Skip to main content
PreviewAgent Builder is currently in preview and may change before general availability.

When to use

Use fan-out extraction when your app needs to process documents that vary significantly in structure and content. A single extraction prompt cannot handle the differences between an invoice, a bill of lading, and a fuel receipt — each has different fields, layouts, and validation rules. This pattern is the right choice when:
  • You receive mixed document types in a single pipeline (email attachments, bulk uploads)
  • Each document type has a distinct schema with specialized fields
  • You need high extraction accuracy per type rather than a generic best-effort pass
  • The number of document types may grow over time without rearchitecting the workflow

Architecture

The pattern follows two phases: classification, then type-specific extraction.
Document


TEXT_UNDERSTANDING (classify type)


Condition (fork by type)
  ├──► TEXT_EXTRACTION (Type A) ──►─┐
  ├──► TEXT_EXTRACTION (Type B) ──►─┤
  ├──► TEXT_EXTRACTION (Type C) ──►─┤
  └──► TEXT_EXTRACTION (Type N) ──►─┘


                              Merge results

Phase 1: Classification

A TEXT_UNDERSTANDING node receives the document and classifies it into one of the known types.

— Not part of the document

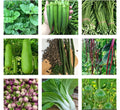 Non-GMO Heirloom Vegetable Seeds Bundle - 10 Varieties Organic Gardening Essentials for Home Gardeners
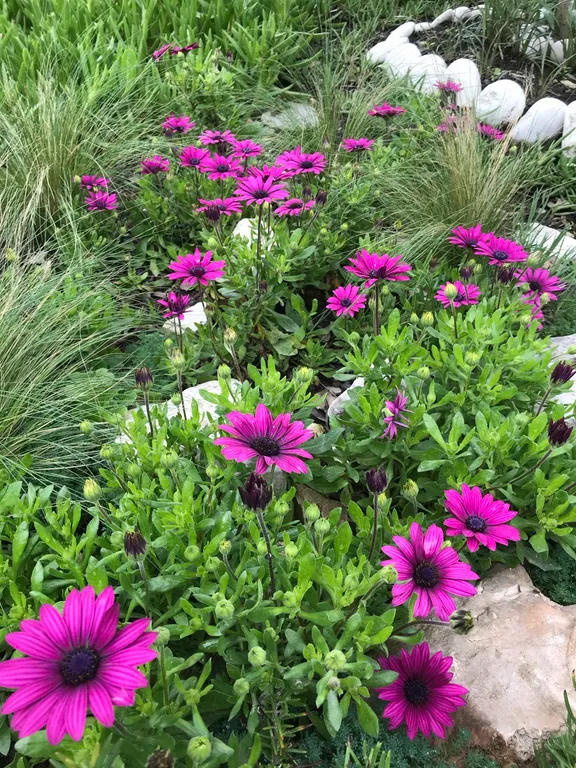 Квартира Делюкс-комната в лучшем районе Чёрного моря — Сириус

The classification prompt constrains the output to an enumerated list, so the Condition node can route deterministically.

Phase 2: Type-specific extraction

Each branch contains a TEXT_EXTRACTION node (using the Extract Data from File capability) configured with:
  • A prompt tailored to that document type, instructing the model which fields to look for
  • A response schema defining the exact JSON structure expected for that type
  • Extraction strategy settings optimized for the document format (text-heavy PDFs vs. scanned images)
A merge point downstream collects results from whichever branch executed.

Implementation

Step 1: Configure the classification node

Add a TEXT_UNDERSTANDING node and configure it to classify the document type. Example classification prompt:
You are a document classifier. Analyze the provided document and determine its type.

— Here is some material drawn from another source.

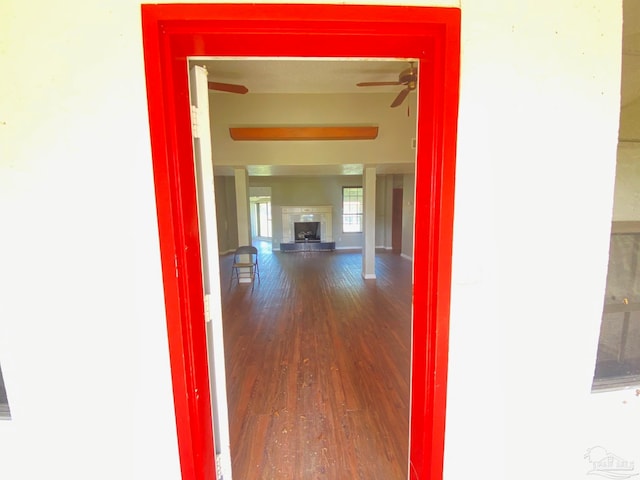 hall with hardwood / wood-style flooring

Respond with exactly one of the following values:
- BOL
- INVOICE
- RATE_CONFIRMATION
- LUMPER_RECEIPT
- FUEL_RECEIPT

Base your classification on the document layout, headers, and field labels.
If the document does not match any known type, respond with UNKNOWN.
Example response schema:
{
  "type": "object",
  "properties": {
    "document_type": {
      "type": "string",
      "enum": ["BOL", "INVOICE", "RATE_CONFIRMATION", "LUMPER_RECEIPT", "FUEL_RECEIPT", "UNKNOWN"]
    },
    "confidence": {
      "type": "number",
      "description": "Classification confidence between 0 and 1"
    }
  },
  "required": ["document_type", "confidence"]
}

Step 2: Add the Condition node

Add a Condition node after the classification node. Configure branches based on the document_type value:
BranchConditionTarget
BOLdocument_type == "BOL"TEXT_EXTRACTION (BOL)
Invoicedocument_type == "INVOICE"TEXT_EXTRACTION (Invoice)
Rate confirmationdocument_type == "RATE_CONFIRMATION"TEXT_EXTRACTION (Rate confirmation)
Lumper receiptdocument_type == "LUMPER_RECEIPT"TEXT_EXTRACTION (Lumper receipt)
Fuel receiptdocument_type == "FUEL_RECEIPT"TEXT_EXTRACTION (Fuel receipt)
Defaultdocument_type == "UNKNOWN"Manual review queue

Step 3: Configure type-specific extraction nodes

Each branch gets its own TEXT_EXTRACTION node with a prompt and schema optimized for that document type. The Extract Data from File capability handles PDFs, images (via OCR), and other supported file types automatically.
Prompt:
Extract all relevant fields from this Bill of Lading document.
Pay special attention to carrier information, shipment details, and freight charges.
If a field is not present, return null for that field.
Response schema:
{
  "type": "object",
  "properties": {
    "bol_number": { "type": "string" },
    "carrier": {
      "type": "object",
      "properties": {
        "name": { "type": "string" },
        "mc_number": { "type": "string" },
        "scac_code": { "type": "string" }
      }
    },
    "shipper": {
      "type": "object",
      "properties": {
        "name": { "type": "string" },
        "address": { "type": "string" },
        "city": { "type": "string" },
        "state": { "type": "string" },
        "zip": { "type": "string" }
      }
    },
    "consignee": {
      "type": "object",
      "properties": {
        "name": { "type": "string" },
        "address": { "type": "string" },
        "city": { "type": "string" },
        "state": { "type": "string" },
        "zip": { "type": "string" }
      }
    },
    "ship_date": { "type": "string" },
    "delivery_date": { "type": "string" },
    "pieces": { "type": "integer" },
    "weight": { "type": "number" },
    "freight_charges": { "type": "number" }
  }
}
Keep schemas as flat as possible for simple document types (like fuel receipts and lumper receipts). Reserve nested objects for complex types that genuinely have grouped fields (like BOL with shipper/consignee blocks).

Configuration reference

ComponentNode typeKey settings
ClassifierTEXT_UNDERSTANDINGPrompt with enumerated types, constrained response schema
RouterConditionBranch per document type, default branch for unknown types
Extractor (per type)TEXT_EXTRACTION (Extract Data from File)Type-specific prompt, tailored response schema, extraction strategy
MergeMerge / End nodeCollects output from whichever branch executed
The TEXT_EXTRACTION node uses the Extract Data from File capability, which supports PDFs, DOCX, XLSX, PPTX, and image formats (JPG, PNG, TIFF). Images are automatically converted to PDF before processing via OCR.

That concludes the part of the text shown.